What if it cost you your life? Mountaineers like myself take communication very seriously. We are at the mercy of the forces of nature, and poor communication can cause a serious injury if not death. Back in December 2010, my wife and I were climbing to the top of Kala Patthar in Nepal at 5,545 meters above sea level. Because it was off-season, we met the same small group of people every day, allowing us to get acquainted with one another. One afternoon, one of the climbers was not in sight, so I asked my lead guide about his where abouts only to find out that he had passed away due to altitude sickness. I was shocked. How did this happen? Questions started running around in my head.
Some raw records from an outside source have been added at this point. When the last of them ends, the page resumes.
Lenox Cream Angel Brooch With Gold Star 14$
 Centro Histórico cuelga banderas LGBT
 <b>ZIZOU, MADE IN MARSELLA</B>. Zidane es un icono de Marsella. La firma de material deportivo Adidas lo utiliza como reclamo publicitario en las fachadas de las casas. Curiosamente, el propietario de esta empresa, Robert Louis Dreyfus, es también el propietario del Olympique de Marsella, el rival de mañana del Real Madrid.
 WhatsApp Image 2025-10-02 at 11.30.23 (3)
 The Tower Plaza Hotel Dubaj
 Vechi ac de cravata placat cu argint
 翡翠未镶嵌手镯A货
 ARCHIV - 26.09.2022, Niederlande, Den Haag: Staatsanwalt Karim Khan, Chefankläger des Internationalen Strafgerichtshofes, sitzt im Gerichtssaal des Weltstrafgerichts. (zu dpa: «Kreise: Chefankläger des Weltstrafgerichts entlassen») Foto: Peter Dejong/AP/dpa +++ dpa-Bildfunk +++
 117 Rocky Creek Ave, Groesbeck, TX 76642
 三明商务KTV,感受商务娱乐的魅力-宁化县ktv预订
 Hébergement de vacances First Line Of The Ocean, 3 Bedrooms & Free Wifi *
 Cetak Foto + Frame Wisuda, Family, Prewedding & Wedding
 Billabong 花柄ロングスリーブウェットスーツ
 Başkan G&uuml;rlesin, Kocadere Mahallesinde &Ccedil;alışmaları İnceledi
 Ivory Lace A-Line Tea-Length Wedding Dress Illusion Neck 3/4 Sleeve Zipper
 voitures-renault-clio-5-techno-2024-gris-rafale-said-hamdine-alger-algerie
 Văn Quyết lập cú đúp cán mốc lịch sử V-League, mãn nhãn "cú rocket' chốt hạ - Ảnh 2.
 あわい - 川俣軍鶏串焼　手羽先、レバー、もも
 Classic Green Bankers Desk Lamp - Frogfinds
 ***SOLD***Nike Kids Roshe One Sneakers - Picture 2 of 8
What if the guide had communicated better by checking in with the climber more regularly? What if the climber had communicated better about his physiology? What if…? The point is, the reasons could be endless, but the loss of life could have been avoided through better communication.
What if we could communicate in our day-to-day lives like we do on mountains, as if our life depended on it? We could save a lot of pain and scale our summits of success faster.

WAYS OF COMMUNICATING

In today’s world, we communicate through multiple mediums, such as text, voice, and visual (facial expressions and hand gestures), and both in person and virtually. In addition, we communicate across the country, if not globally, with people of different ages who have different languages as their mother tongue. The key question then becomes, how can we be sure a message was properly communicated?

To answer this question, we need to break communication down into three components, two of which are in the control of the communicator (intention and behavior) and one of which is in the control of the receiver (comprehension).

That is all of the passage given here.